The Early Bird Catches the Frog
As I discussed in my memoir, I tend to have an unusual sleeping and waking schedule. Lately, I’ve been sleeping until 4 or 5 AM, which is good for me. When I am up so early that I can’t stay up late enough to host or to go out for “ladies night,” or to catch a play by my favorite theater company, The Little Green Pig, I get feel disappointed in myself. However, I often am the most energetic and creative in the morning, and I am witness to activities others may not see.
For example, one morning I came out of the bedroom and saw our youngest cat, Arty, chasing after something with intense focus. I only heard a squawk or two, and caught a glimpse of a little, jungle-green frog hopping away. I said, “Froggie!” and tried to let it out the door, but it leaped out of sight. A few hours later, I was using the bathroom and glanced at the sink to see the frog on the head of one of my bathroom accessories, a “Share a Smile Becky” Barbie Doll, who comes sitting in a wheelchair and wearing jeans and a plaid shirt.
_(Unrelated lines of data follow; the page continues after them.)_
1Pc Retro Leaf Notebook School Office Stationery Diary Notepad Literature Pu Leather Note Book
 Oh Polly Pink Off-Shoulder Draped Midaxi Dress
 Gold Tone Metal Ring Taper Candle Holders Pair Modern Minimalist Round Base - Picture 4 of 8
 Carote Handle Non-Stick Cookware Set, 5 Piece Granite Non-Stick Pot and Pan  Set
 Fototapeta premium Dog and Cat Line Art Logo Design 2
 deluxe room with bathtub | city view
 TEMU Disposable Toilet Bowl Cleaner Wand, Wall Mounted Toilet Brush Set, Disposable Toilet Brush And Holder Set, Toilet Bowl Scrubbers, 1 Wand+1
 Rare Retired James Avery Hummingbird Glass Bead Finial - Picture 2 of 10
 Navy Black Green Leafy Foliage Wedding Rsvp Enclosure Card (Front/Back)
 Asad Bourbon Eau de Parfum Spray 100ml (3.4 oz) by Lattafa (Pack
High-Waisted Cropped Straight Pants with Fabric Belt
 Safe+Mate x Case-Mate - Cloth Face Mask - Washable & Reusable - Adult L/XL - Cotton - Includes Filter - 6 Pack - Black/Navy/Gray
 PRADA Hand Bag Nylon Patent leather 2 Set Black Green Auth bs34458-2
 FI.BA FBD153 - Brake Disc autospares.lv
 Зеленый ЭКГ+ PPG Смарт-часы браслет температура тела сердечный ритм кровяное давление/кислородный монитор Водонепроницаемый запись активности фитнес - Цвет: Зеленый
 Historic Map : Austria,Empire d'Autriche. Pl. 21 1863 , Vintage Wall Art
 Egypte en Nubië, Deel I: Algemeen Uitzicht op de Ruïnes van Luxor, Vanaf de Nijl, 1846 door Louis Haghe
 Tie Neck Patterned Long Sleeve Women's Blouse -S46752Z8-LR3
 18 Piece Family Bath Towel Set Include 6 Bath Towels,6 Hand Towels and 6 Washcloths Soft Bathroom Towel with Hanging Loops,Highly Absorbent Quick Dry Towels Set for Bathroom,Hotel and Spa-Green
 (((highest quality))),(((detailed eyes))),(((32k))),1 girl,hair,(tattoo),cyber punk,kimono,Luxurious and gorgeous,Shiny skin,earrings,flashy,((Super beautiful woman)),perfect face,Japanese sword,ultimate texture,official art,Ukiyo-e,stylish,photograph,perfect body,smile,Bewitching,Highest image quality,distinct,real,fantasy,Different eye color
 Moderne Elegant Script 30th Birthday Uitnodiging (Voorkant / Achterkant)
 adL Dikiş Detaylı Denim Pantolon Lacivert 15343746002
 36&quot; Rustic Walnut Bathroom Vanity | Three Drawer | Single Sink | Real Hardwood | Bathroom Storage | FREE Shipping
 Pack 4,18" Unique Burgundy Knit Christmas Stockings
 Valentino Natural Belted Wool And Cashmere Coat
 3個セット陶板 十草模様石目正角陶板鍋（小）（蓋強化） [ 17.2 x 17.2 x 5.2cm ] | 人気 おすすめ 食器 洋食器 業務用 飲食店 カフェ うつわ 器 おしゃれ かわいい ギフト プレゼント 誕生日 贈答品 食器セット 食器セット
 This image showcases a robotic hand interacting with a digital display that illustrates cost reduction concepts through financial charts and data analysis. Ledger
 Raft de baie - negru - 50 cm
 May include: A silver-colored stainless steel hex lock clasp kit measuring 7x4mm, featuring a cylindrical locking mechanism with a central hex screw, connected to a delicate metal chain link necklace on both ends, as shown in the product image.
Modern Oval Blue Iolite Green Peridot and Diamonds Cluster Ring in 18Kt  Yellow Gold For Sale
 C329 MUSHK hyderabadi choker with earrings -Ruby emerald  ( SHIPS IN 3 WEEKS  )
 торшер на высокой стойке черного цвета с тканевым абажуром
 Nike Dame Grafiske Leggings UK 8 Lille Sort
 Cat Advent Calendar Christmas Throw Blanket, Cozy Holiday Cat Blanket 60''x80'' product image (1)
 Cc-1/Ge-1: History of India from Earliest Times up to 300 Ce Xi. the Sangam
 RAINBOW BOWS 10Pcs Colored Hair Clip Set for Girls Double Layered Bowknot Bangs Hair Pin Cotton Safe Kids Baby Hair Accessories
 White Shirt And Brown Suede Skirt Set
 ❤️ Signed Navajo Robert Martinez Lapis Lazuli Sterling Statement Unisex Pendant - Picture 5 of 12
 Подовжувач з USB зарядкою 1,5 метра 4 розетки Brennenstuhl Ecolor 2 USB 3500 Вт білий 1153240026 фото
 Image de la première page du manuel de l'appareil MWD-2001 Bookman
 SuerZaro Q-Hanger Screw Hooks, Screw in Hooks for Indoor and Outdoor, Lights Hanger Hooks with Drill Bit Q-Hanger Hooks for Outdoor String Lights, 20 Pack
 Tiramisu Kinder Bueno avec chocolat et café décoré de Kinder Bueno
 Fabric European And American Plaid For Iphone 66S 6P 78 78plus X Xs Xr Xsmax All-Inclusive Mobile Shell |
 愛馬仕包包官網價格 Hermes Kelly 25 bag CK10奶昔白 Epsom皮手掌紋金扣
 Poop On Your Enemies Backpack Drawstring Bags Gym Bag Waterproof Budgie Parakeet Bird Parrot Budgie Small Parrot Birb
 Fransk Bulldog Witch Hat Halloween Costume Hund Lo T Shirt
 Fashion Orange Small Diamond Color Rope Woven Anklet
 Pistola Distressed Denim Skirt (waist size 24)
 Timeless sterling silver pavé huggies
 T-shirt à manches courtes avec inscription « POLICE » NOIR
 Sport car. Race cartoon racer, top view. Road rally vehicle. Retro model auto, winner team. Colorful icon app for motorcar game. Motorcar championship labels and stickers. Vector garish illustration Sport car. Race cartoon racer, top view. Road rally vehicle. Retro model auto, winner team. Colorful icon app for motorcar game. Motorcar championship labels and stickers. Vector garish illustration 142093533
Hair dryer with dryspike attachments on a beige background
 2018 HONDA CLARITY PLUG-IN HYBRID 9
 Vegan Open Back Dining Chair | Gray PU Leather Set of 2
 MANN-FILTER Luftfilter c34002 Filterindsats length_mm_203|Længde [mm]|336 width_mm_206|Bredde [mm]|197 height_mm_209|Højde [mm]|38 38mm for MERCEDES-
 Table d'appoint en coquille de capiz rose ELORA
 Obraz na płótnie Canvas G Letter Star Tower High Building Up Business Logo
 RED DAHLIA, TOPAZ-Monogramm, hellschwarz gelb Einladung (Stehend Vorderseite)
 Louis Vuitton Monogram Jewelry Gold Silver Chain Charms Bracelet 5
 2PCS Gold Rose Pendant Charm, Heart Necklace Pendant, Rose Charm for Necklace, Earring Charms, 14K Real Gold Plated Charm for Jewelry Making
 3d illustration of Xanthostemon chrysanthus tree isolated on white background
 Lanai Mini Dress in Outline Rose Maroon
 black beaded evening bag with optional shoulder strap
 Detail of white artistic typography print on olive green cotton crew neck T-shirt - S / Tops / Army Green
I had found Becky something much more flattering to wear years ago, a black negligee, and seeing her smiling with a frog on her head was at first alarming, but again I just said, “Oh, Froggie!” For the next couple of weeks, the frog made camp in the overflow section, or hole, of the sink. I would see it now and again with its upper body out of the hole, or even just its eyes staring back at me from inside the hole. My husband, Paul, and I tried flushing it out and leaving food for it to follow out, although we were never sure whether the frog got the deli meat or if the cats got to it first. I realized that I was maybe scaring it, too, because I tried to grab it with tweezers a couple of times, and that Arty liked being in the bathroom when I was in there. The frog became a topic of conversation on Facebook, as well as at Thanksgiving dinner. Only Paul had seen the frog, so on top of frightening the frog, I was beginning to feel like others didn’t believe me, as if the frog was some crazy delusion. I felt terrible!
For a few days after Thanksgiving, I talked to the frog gently, encouraging it out and reassuring it that we would return it to the pond. I call this “frog whispering.” Then yesterday, I kept the lights out in the bathroom, left another trail of turkey, and used Paul’s bathroom all day to give the frog some space. (Yes, we have our own bathrooms, which, for me, is a component of a good marriage!) And my techniques worked! When Paul got home from work that evening, I looked in my sink, and the frog had eaten all the turkey, the final piece of which was in a plastic container I use for paint water, and the frog was now in the container, softly ribbiting. I quickly covered it with a towel and yelled for Paul, who came in, put the lid on the container, and set the frog free outside. Paul said it jumped on a branch of a bush near the pond and looked happy. When I went biking around the pond this morning, I didn’t see the frog of course, but I was glad it had made it home. More on biking soon…….
I made a collage in honor of my frog story. I found and printed a photograph of my Barbie (“Rebecca,” I call her), two photographs of pond frogs, an image of a small, acrylic painting I did of Arty’s face, as he was watching me paint one day, and a smaller image of another painting I did of Arty’s sweet face. I then drew one of the photographs of a green pond frog in green, red, black, and silver glitter pens. In this arrangement, Arty’s concentrated, wide-eyed portrait, which resembles a dramatic mask, is beside the photograph of Rebecca, who has a frog on her head, confronting Arty’s and the viewer’s stares. Above this juxtaposition I paired the drawing of the frog, the largest image in the collage, with the small image of Arty’s innocent kitten face. Arty didn’t mean any harm, and here, he and the frog are each colorful, content, and minding their own business.